MOSCOW, August 22. /TASS/. Moscow expects Ukrainian President Vladimir Zelensky to send signals in real life instead of social media, Russian Foreign Ministry Spokeswoman Maria Zakharova wrote on Facebook on Thursday.
"As for signals, they are expected of you, though not on social media but in real life," she said, commenting on the Ukrainian president’s statement that Russia could return to the G8 and take its place "on the agenda of high diplomacy" once Crimea became part of Ukraine again and the conflict in Donbass ended. Zelensky also said that Russia had to send serious signals for peace.
Zakharova pointed out that if "high diplomacy" referred to international platforms and forums, including the United Nations Security Council, "then Russia takes part in outlining and implementing the global political agenda." The Russian diplomat added that "a UN Security Council’s resolution approved the Minsk Agreements" so Ukraine "is obliged to comply with them."
Russia and G7
US President Donald Trump told reporters on Tuesday that "it’s much more appropriate to have Russia in" [the G8]. According to a senior US administration official cited by CNN, Trump and his French counterpart Emmanuel Macron held a telephone conversation on Tuesday and agreed that the Russian president should be invited to the G7 summit in 2020. According to CNN, Trump plans to broach the topic at a G7 summit scheduled to take place in Biarritz, France, on August 24-26.
The G7 is a group of industrialized nations that includes Canada, France, Germany, Italy, Japan, the United Kingdom and the United States. The group was renamed the G8 in 1997 when Russia joined the club.
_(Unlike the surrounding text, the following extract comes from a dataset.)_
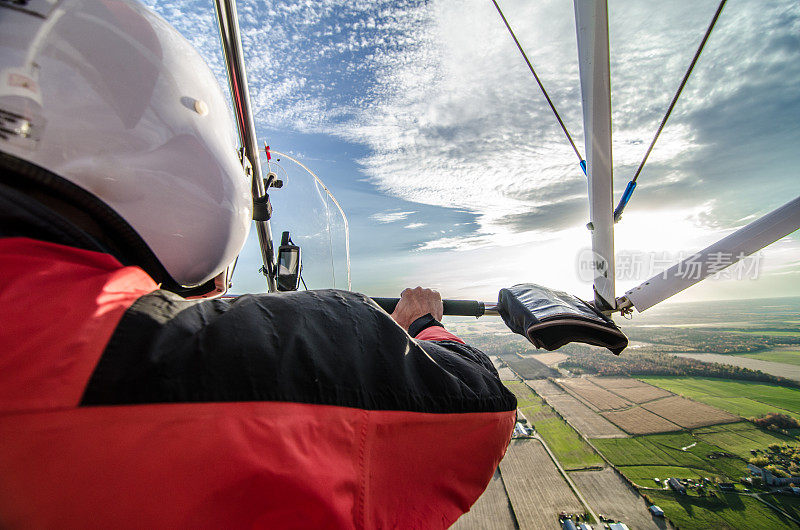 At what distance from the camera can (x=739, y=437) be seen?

However, following the 2014 events in Ukraine that created a crisis in relations between Russia and the West, the group’s western members decided to revert to the G7 model.
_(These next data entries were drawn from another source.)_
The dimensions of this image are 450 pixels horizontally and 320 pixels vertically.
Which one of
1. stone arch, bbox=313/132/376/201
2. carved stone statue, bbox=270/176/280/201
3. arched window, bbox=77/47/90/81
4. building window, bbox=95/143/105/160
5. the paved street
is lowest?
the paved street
On August 21, Russian Foreign Minister Sergey Lavrov said that Moscow was ready to consider initiatives concerning the revival of the G8 platform if the G7 countries put any forward.
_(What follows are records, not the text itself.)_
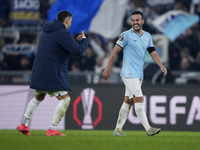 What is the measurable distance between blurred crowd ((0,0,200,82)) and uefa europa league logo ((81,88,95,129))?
2541mm

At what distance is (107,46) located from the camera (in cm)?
1559

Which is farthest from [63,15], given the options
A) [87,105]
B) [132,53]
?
[87,105]

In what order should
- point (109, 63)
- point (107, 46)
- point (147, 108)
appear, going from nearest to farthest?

Lavrov pointed out that earlier in the week, Russian President Vladimir Putin had said at a joint press conference with his French counterpart Emmanuel Macron that the G8 did not exist. "There is the G7 group, its members make decisions among them. If any of the decisions they make suggests sending a message to Russia, we will consider it and respond to it," the Russian top diplomat said when asked about the possibility of restoring the G8.